Start of Block

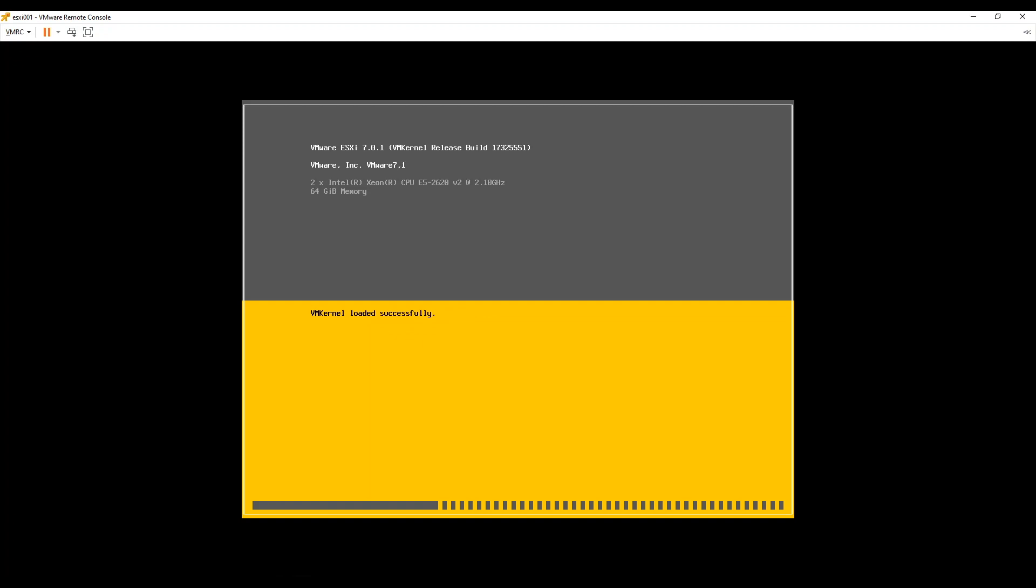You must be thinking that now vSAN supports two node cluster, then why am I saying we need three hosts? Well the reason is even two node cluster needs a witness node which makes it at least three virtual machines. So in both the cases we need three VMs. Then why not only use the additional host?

End of Block
Start of Block

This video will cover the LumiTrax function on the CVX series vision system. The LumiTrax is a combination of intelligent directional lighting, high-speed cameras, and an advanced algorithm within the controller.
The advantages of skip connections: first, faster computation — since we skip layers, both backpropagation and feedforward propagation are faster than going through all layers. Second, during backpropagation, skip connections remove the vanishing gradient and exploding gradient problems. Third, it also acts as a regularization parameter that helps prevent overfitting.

End of Block

» **Task to complete**
In the records above, the line with "This video will" marks the start and the line with "The advantages of" marks the end; copy that stretch exactly, both lines included, and nothing else.

» **Worked solution**
This video will cover the LumiTrax function on the CVX series vision system. The LumiTrax is a combination of intelligent directional lighting, high-speed cameras, and an advanced algorithm within the controller.
The advantages of skip connections: first, faster computation — since we skip layers, both backpropagation and feedforward propagation are faster than going through all layers. Second, during backpropagation, skip connections remove the vanishing gradient and exploding gradient problems. Third, it also acts as a regularization parameter that helps prevent overfitting.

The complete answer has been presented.